In a seemingly routine weekend in November, I was perusing online travel catalogs looking for an exciting escapade. Egypt came calling to me that day. In a flash, my mind was made up. This was the destination which was going to embrace me into its arms as my first overseas travel affair. If you've read my older blog posts, you'd know how bedazzled I am of Egypt. It's an emotional connect that I have no words to explain and account for. A day-dream of two decades, or perhaps more! The land of the Pyramids were calling unto me, and who was I to refuse? I quickly started making the arrangements for the trip: the payment options, visa procedures, reading about the country's landscape in my free time - would it be too hot/ would it be cool when I went there/ political scene and domestic unrest if any, mental-mapping the places we were going to be visiting as per the itinerary etc etc etc. As the travel dates came closer, there was a palpable sense of excitement in the air. Fear of the unknown, mixed with the excitement of whatever was lying ahead came to me in equal parts. Preparations were in full swing for what clothes to wear, accessories to match with it, new cool purchases for the trip, piling up quick, easy snacks into the bag for the trip and so on!

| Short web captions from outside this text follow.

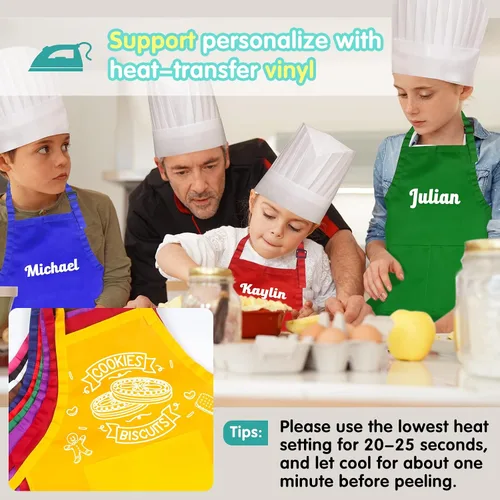 Miniatura 4 de Juego de 24 delantales para niños de 12 colores, XL para niños de 7 a 13 años, delantales de chef para niños, pintura para cocina, cocina, hornear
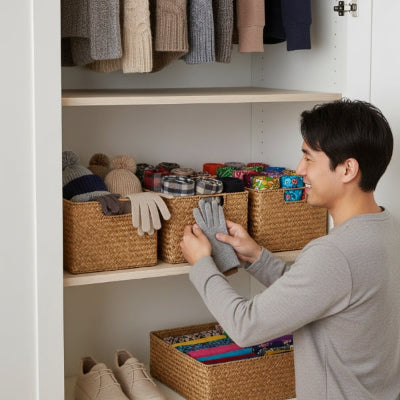 homme souriant range gants dans panier rangement rotin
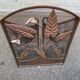 Foldable wrought iron fireplace screen sculpted from the 1950s.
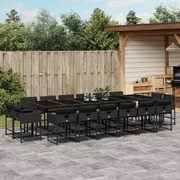 17 Pcs Garden Dining Set with Cushions Black Poly Rattan
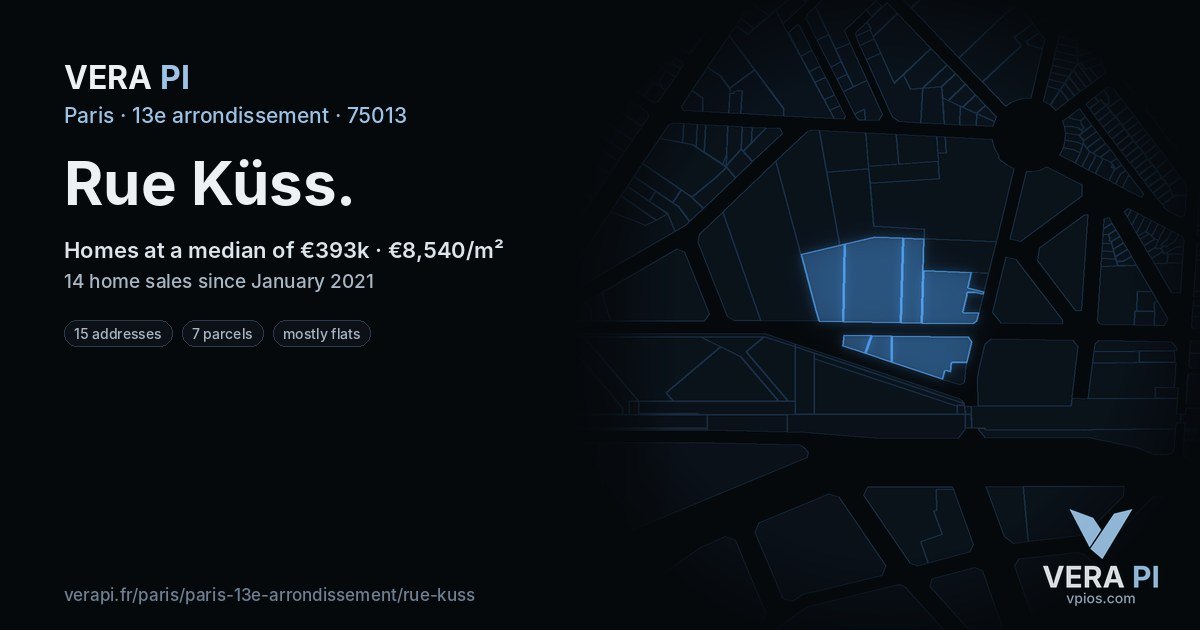 Rue Küss, 13e arrondissement at night – every parcel coloured by the prices around it, the street's own parcels lit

That's when the unexpected happened.. On the fateful night of March 8th, I stubbed my toe to the wall at home just five days ahead of my trip and it resulted in a fracture. I had two options to pursue at that moment: 1) Either give up on this trip, cancel it out and remain at home giving some resting time for the toe to heal, or 2) Go ahead and join the tour anyway, considering the Orthopaedician had given me a thumbs-up for routine activities (except that I couldn't get the foot bandage wet at any cost). Being the brave lass that yours truly is, I chose to do the latter. Sitting at home and musing over a lost opportunity simply isn't me. This was my home calling; I just couldn't ignore that voice. A lot of re-tuning and re-preparation happened. Sneakers/ shoes/ party footwear were tossed out of the suitcase. Many comfortable open-foot slippers replaced them. Painkiller pills, bandage gauze cotton, tissue paper, saran wrap rolls constituted a sizable chunk of my luggage. *chuckles* That's how the great journey began!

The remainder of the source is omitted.